I was also pleased to see Congresswoman Mary Bono Mack come unstuck and wish her successor, Dr Raul Ruiz, well. He may need it in a House of Representatives which is the last bastion of Republican control in the main houses in Washington. Projections that the Republicans would capture the Senate also turned out to be well wide of the mark.
So where did the Republicans go wrong? Mitt Romney is a decent and honourable man - of that I have no doubt but then so was John Major. The problem Romney had was that the GOP had become the party of the "old white man" which was fine when America was 95% white but it's now 72% white and falling. Among blacks, asians and hispanics, the Republicans were routed (blacks voted 93-7 for Obama). Obama could afford to lose the white vote by 10-15 points because he had such huge majorities elesewhere and the changing demographics are changing State politics. Thanks to the growing hispanic population, California is now a Democrat bastion while even places like Texas, Georgia and Alaska are moving away from the Republicans. Trying to build a GOP majority in 2016 looks far from obvious.
Where does that leave us? The elephant in the room during the election was the so-called "fiscal cliff", a combination of millions of dollars of spending cuts and tax rises meant to address the gigantic national debt and deficit being run by the US. The impact of such a fiscal tightening on an already anaemic global economy would, it was feared, plunge the UK and Europe back into recession but not addressing the problem is no answer either.
Since the election, as is often the case, the mood has changed from adversarial to conciliatory and it is to be hoped that will continue. Apart from a few loons on the fringe, Republicans cannot gainsay the President his victory but it takes two to tango.

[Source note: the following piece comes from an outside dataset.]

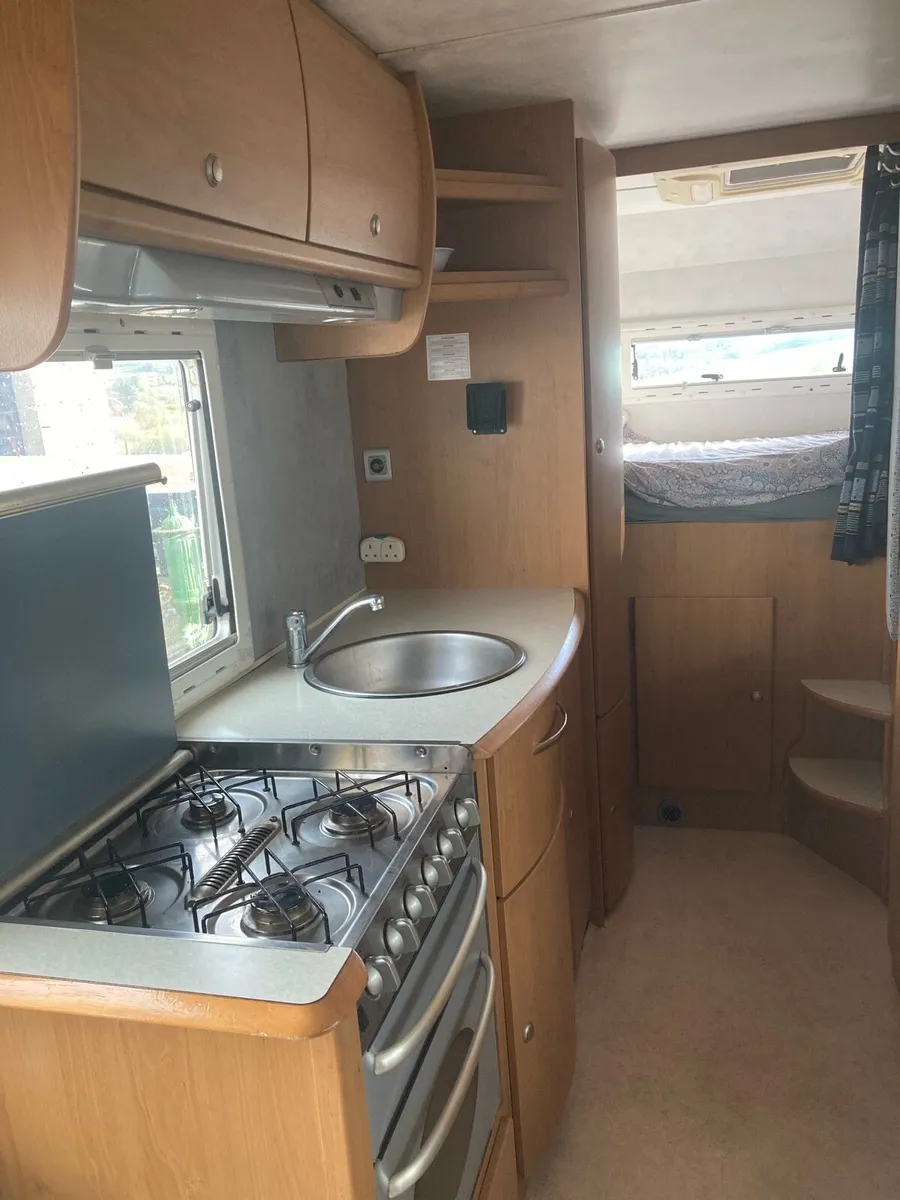 Ford Kentucky Motorhome. 6 berth. - Image 4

My guess is some sort of deal will be reached but how long it will last and whether it will be the basis for a lasting economic recovery is very much open to question.
Looking ahead to 2016, it seems probable both parties will go through an exhausting primary process. The Republicans aren't short of choices - Jeb Bush, Marco Rubio, Tim Pawlenty, Rick Santorum, Paul Ryan, Chris Christie are all mentioned and any one of them could sail through the sea of electoral hazard to victory.
On the Democrat side, I doubt Vice-President Joe Biden will run given his age and I suspect Hillary Clinton won't either. The two I would like to see are Mark Warner and Kirsten Gillibrand.
If you want an even longer shot for the future, how about Malia Obama in the 2040 Presidential election? Well, it's a thought...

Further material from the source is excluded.